The court, which heard oral arguments Friday in the Washington County Courthouse in West Bend, also will decide whether Milwaukee County Circuit Court Judge Thomas Cooper was correct when he ruled the ordinance is unconstitutional because it contains a provision that lets time spent in court by victims of sexual assault and domestic violence count as sick time.
In his decision, Cooper said city voters had the right to vote on a paid sick leave ordinance. He also found the ordinance did not conflict with state or federal labor laws and that the referendum was clearly written.

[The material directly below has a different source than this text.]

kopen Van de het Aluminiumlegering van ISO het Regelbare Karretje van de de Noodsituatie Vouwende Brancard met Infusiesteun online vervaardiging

According to Cooper’s decision, the problem with the referendum is it did not mention victims going to court, but the ordinance does. Cooper, in the decision, said he had to rule the entire ordinance unconstitutional because of the difference between the referendum and the ordinance.
Arguing to the Supreme Court on Friday, Scott Beightol, a lawyer for the Metropolitan Milwaukee Association of Commerce, agreed, saying it’s “all or nothing.”

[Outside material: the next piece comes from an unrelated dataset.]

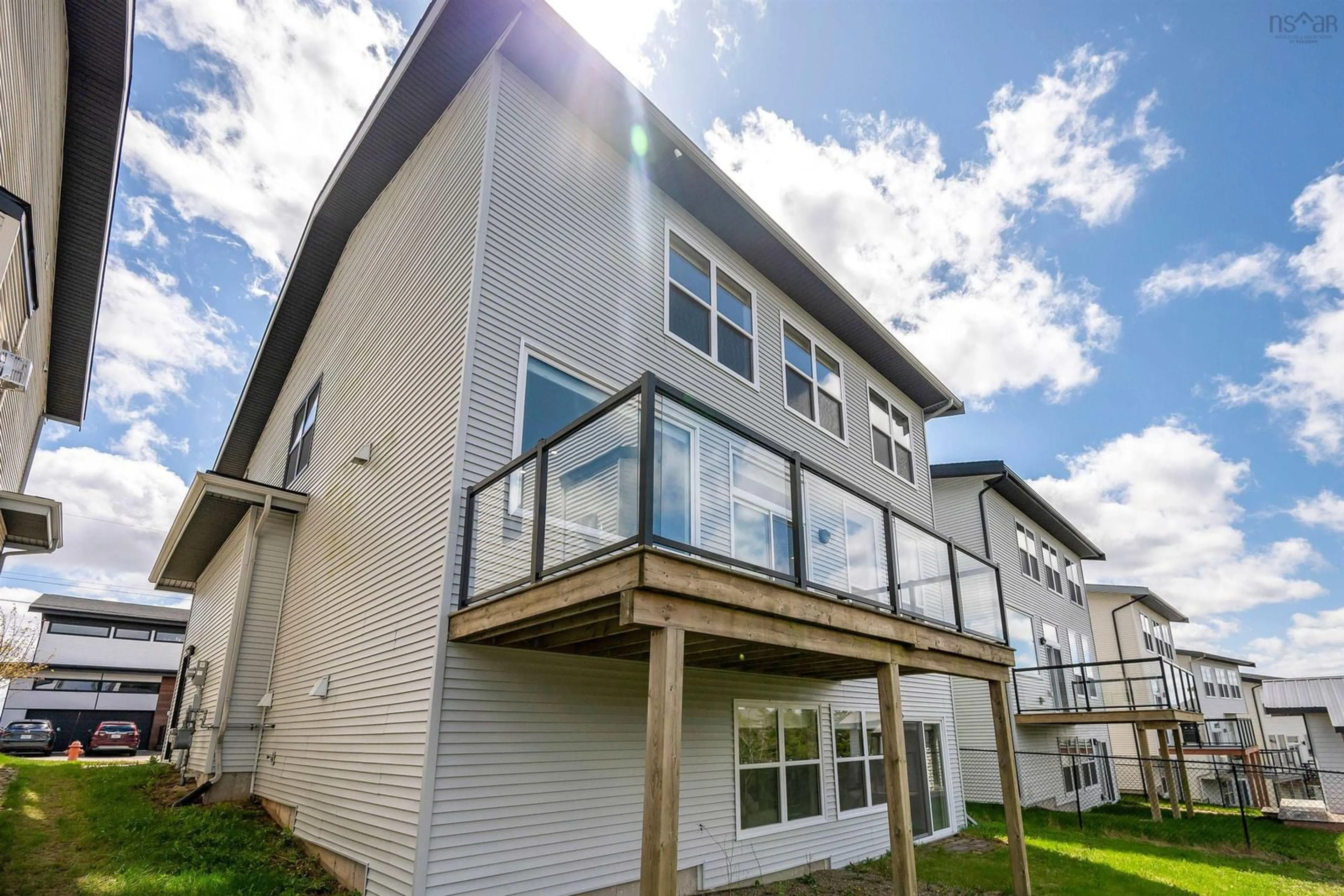 Home with vinyl exterior material, unknown for 175 Cutter Dr, Halifax Nova Scotia B3M 0M7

Barbara Zack Quindel, a lawyer representing the Milwaukee chapter of 9to5, National Association of Working Women, argued court time should be considered appropriate for sick leave because domestic violence is a public health crisis in the United States. However, she said, even if the court does not agree with that premise, the rest of the ordinance should be found constitutional.
Another key issue is when the ordinance went into effect.
Beightol argued it went into effect November 2008, when voters approved the referendum. Quindel said it should not go into effect until after the Supreme Court reaches a decision. She said direct legislation cannot be altered by city government for at least two years after it goes into effect.
The earlier date essentially would allow the Milwaukee Common Council to alter the ordinance and override the will of the voters before the ordinance actually goes into effect, Quindel said.
Chief Justice Shirley Abrahamson said there only has been one other case in Wisconsin in which the court has struck down legislation based on a referendum.
“The general rule has been: Give it to the voters,” she said. “They’re smart enough to figure it out.”
The ordinance requires workers get at least one hour of paid sick leave for every 30 hours worked in Milwaukee. Companies with fewer than 10 workers must offer at least five sick days, and larger companies must let employees accrue at least nine days.